Imagine I have two bags of square and planar unit square tiles, with Penrose-like "nodules" on their edges s.t. two tiles can only be placed together if their edges are flush (i.e. if the two vertices defining the adjacent edges along the tile's contours are also adjacent). Said another way, tiling the plane with these unit tile constructs should create a series of vertices and edges that can be overlayed on a $Z^2$ integer lattice. Here, we have $k_r$ "red" tiles in the first bag, and $k_b$ "blue" tiles in the second bag.
You and I now play a game:
You create two "red" and "blue" connected components with the $k_r$ red tiles and $k_b$ blue tiles, respectively. You then hand these connected components to me. I am allowed to rotate, translate, or reflect the assemblies as I please, with the objective of maximizing the number of red tiles adjacent to blue tiles on a plane. However, importantly, I may not ever overlap any red or blue tiles. Your objective is to frustrate me to the greatest extent possible - to minimize the total number of edges shared between red and blue tiles.

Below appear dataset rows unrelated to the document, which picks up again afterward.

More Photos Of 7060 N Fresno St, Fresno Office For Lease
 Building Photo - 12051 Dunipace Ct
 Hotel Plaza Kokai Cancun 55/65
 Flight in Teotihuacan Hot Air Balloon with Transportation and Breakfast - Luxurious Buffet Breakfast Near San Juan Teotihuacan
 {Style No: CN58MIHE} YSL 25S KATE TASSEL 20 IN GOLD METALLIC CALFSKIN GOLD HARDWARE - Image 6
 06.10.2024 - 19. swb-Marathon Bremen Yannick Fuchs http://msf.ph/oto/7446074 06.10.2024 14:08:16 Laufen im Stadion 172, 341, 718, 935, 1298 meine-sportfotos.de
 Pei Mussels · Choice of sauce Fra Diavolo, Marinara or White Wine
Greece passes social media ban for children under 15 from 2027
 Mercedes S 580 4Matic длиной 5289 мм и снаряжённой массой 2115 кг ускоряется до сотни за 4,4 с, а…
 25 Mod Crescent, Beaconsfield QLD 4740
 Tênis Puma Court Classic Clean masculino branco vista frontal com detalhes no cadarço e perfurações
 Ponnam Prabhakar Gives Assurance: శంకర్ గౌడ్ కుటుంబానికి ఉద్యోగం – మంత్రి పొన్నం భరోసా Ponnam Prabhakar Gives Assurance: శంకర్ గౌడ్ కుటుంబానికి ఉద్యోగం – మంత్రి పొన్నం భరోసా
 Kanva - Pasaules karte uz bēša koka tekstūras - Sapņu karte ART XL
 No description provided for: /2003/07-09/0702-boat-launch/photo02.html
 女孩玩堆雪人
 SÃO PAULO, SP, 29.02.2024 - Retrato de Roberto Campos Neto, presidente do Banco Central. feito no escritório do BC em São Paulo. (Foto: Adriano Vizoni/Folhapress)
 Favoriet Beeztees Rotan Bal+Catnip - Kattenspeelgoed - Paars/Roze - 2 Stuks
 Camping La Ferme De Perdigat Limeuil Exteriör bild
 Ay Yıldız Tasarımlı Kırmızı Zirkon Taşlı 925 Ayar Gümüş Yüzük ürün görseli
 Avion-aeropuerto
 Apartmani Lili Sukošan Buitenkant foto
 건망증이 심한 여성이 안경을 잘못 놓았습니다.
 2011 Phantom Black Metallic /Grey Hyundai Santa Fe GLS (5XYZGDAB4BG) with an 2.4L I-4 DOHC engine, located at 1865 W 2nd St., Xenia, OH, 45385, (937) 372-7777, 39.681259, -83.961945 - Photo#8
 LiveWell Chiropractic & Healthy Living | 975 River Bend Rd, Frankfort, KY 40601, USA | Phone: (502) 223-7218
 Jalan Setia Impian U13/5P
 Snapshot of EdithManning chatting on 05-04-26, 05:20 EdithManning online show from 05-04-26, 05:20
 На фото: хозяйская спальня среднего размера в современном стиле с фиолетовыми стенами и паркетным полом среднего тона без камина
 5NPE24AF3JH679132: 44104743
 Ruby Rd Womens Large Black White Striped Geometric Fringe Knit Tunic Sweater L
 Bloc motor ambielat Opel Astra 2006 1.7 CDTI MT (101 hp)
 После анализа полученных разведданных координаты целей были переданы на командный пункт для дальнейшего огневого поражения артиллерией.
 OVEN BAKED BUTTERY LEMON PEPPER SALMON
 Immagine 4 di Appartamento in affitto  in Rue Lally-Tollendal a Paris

How well can you possible do as a function of $k_r$ and $k_b$? When is it possible to insure that only one or two red/blue edges are possible? What is your optimal strategy? Perhaps to pack a sphere or other strictly convex object?
Additional Note: It's not at all clear to me what conditions guarantee only being able to ever have a single red/blue edge between two manipulable, but non-overlapping, red and blue connected components (besides the trivial case where $k_r$ and $k_b$ equal one). I'd be very interested to know what conditions insure or prevent this?